2015 was annus horribilis—a really bad year! Yet optimism reins.

It is called the January Effect—off with the old and on with the new—where we are overly optimistic and full of wishful thinking about the coming New Year.

Every year we make resolutions. Every year most of us break them as they usually have a shelf life of 4-6 weeks among the strongest willed amongst us; 4-6 days for the rest of us.

Yet travelers are a different breed; we usually follow through with our resolutions. Even when we have more will than wallet, we figure out a way to wherever it is we really want to go. No false hope here.

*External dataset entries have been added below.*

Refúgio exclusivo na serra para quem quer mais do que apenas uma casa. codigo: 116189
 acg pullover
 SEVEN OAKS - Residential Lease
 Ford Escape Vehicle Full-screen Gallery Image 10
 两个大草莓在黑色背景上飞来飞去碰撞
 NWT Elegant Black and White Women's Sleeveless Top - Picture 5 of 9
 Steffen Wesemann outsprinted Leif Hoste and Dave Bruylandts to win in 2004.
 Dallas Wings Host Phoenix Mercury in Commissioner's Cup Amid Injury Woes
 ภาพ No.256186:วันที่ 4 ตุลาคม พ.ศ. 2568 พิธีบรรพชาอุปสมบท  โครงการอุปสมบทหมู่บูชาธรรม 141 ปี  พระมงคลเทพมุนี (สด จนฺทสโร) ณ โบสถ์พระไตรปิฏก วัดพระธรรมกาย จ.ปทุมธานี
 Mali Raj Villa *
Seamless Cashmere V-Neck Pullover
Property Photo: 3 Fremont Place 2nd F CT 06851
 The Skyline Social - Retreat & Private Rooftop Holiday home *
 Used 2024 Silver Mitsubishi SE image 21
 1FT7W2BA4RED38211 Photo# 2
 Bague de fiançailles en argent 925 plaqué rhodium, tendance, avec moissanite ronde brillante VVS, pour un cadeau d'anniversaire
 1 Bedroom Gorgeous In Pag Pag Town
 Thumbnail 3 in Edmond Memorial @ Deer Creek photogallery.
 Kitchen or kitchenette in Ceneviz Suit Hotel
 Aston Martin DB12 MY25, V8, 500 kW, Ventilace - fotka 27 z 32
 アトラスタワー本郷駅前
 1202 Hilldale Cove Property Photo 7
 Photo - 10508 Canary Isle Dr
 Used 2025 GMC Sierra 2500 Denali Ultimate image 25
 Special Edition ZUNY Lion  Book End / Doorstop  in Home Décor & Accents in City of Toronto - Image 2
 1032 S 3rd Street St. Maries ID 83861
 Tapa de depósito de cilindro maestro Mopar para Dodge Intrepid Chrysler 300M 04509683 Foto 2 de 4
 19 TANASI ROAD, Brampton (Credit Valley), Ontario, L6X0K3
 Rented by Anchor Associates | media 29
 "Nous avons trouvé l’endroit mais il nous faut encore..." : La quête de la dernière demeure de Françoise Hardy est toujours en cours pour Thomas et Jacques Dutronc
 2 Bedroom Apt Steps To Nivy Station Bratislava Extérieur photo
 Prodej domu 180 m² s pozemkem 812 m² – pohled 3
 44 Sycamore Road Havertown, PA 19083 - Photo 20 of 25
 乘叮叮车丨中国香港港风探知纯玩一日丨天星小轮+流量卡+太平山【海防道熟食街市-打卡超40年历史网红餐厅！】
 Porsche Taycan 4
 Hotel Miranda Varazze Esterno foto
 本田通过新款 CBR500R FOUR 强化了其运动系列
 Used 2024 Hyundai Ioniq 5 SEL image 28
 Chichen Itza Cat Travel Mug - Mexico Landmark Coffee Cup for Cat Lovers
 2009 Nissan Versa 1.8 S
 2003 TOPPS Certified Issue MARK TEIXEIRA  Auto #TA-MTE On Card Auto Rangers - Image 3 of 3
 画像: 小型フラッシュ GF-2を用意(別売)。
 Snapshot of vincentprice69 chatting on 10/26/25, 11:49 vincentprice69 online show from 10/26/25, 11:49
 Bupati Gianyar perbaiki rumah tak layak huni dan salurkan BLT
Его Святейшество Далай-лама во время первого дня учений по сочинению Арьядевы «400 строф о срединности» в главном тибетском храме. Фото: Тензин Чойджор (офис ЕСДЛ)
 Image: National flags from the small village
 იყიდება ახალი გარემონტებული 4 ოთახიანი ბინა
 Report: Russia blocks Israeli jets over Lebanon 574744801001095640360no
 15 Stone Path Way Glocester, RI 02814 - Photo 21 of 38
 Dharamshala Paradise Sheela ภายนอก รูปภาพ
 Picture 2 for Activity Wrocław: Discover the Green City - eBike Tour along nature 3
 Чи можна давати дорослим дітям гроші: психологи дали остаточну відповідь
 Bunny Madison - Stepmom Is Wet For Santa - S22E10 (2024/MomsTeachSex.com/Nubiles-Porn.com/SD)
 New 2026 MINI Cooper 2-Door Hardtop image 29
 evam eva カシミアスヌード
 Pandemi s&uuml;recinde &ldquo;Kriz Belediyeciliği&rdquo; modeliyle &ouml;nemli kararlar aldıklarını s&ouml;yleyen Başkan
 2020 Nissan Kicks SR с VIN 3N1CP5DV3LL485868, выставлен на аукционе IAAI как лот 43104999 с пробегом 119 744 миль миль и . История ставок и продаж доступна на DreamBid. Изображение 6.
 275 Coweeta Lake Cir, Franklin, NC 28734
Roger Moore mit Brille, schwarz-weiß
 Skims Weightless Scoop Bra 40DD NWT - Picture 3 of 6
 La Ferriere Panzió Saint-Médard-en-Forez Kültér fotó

So, thinking in that vein, I polled a gaggle of great travel buddies last week, and assembled the following 2016 Travel Resolutions that would make us all better travelers:

We resolve to…:
● …be a better global ambassador exhibiting the true spirit of America—not what is on TV.
● …take any and all vacation time we’ve earned…and steal whatever extra days off we can.
● …walk more.
● …go someplace new in 2016, instead of returning to the old tried and true go-to vacation destinations.
● …stop saying you’ve done a country, knowing deep down that we could never really know a country unless we lived there.
● …consciously unplug for longer and longer stretches when we travel.
● …make our politicians see travel as a right, not a luxury; so we can rest, recharge, rejuvenate and reignite our passions being more creative, loyal and productive employees.
● …be more in the moment and love where we are…not where else we could go or be.
● …take authentic, challenging and participatory adventures; less like the reality show, The Amazing Race, and more like the real-life event The Global Scavenger Hunt.
● …to not do last minute guilt souvenir shopping at the airport on the way home.
● …take better pictures—but not so many that we forget to see what is in front of us.
● …not to read (or write) any more travel top 10 or 8 or 7 or 3…lists.
● …say yes instead of maybe and allow for serendipity.
● …to give back by donating more of our time and energy to those in need.
● …challenge ourselves more when we travel.
● …buy quality travel gear and take less of it.
● …learn something new in each place we go about the culture, language, cuisine, politics, history and religion.
● …see our home environments in the context of an out-of-towner and experience our own environment in a fresh way.
● …get out of our comfort zone daily saying “yes” to unknown adventures.
● …turn strangers in strange lands into our friends.
● …be more patient this year.
● …put our money where our mouths are (and beliefs too!) by not patronizing travel services that, well, patronize us. Saying, “No” and, “That’s not right,” are mighty powerful words that many in the travel industry need to hear — a lot more often!
● …not let technology get in the way of us meeting fellow travelers and indigenous people when traveling.
● …leave our expectations hidden and deep in the back of a closet at home alone, by traveling fearlessly without preconceived ideas or prospects.
● …integrate travel more into our lives, as we have with a good diet, exercising regularly and sleeping right. Travel is good for us in so many ways, be it physically, mentally and spiritually.
● …not flaunt our travel exploits and long-winded adventure stories to others — nor to shamelessly show off our travel selfies.
● …be more patient dealing with the trials and tribulations of traveling — be they TSA lines, surly customer service airline reps, over-packed tardy flights, noisy hotel rooms, boorish fellow travelers or screaming babies.
● …stop whining and kvetching about travels minor inconveniences—it is an amazing privilege.

Happy New Year and happy trails in 2016!